Authorities in Trinidad and Tobago are taking steps to stop young Muslims from leaving the country to join terrorist groups, highlighting the ongoing struggle the country faces in preventing its youth from joining organizations dedicated to violence.
Officials from the Caribbean country believe as many as 125 fighters have traveled to the Middle East to fight for the Islamic State over the past four years, reported The New York Times.
The figure makes Trinidad and Tobago, a country of 1.3 million people, the largest per-capita hub of I.S. recruits in the Western Hemisphere.

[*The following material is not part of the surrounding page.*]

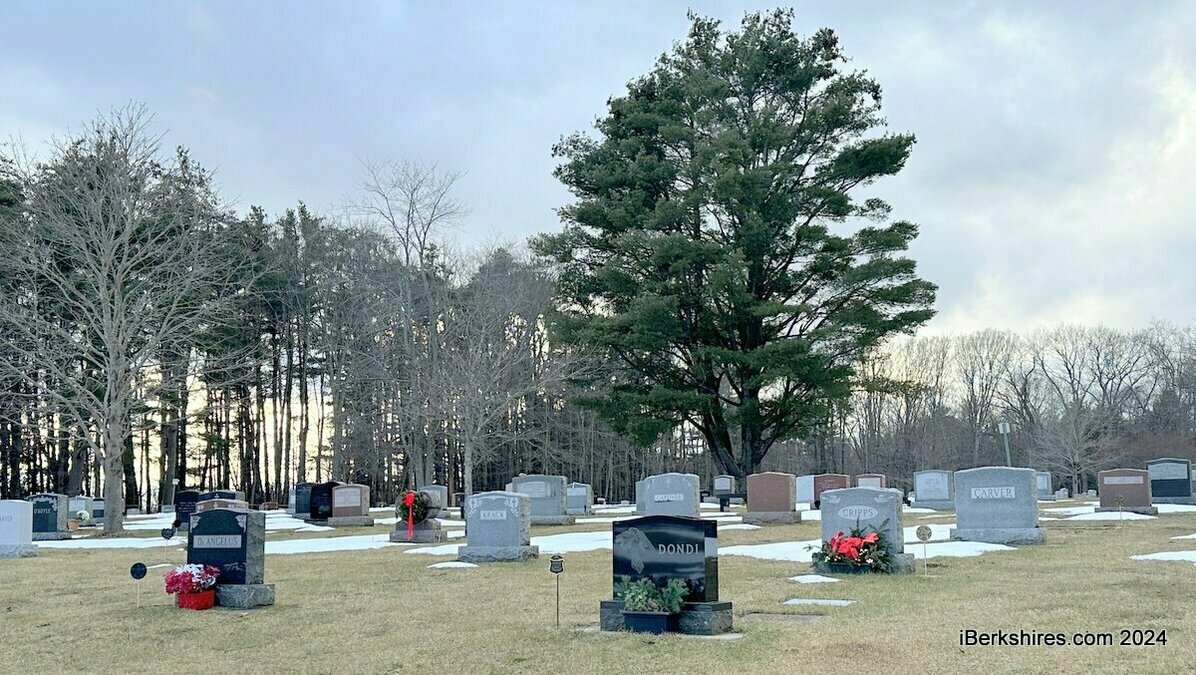 Dalton voter to decide green burials at annual city meetings / Iberkshires.com.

American authorities are concerned that the country may turn into a hotbed for extremists, who could return from the Middle East and attack American citizens in Trinidad, or even possibly reach the United States via Miami, only a three-and-a-half-hour flight away.
U.S. President Donald Trump recently spoke with Trinidadian Prime Minister Keith Rowley about terrorism and security threats, a White House spokesperson told The Times.
In contrast to the laws of many other countries, I.S. is not legally proscribed in Trinidad and Tobago. This means Trinidadians can travel and train with I.S. fighters and then return to Trinidad and still enjoy the rights and privileges of any other fellow citizen.
Yet the government is reportedly implementing tougher anti-terrorism measures. Authorities have increased surveillance and monitoring of the country’s Islamist movements, while officials have proposed a law to prosecute those sending money to I.S. fighters overseas.
At the same time, U.S. authorities have been sharing intelligence with Trinidad’s government, hoping to crack down on potential new recruits.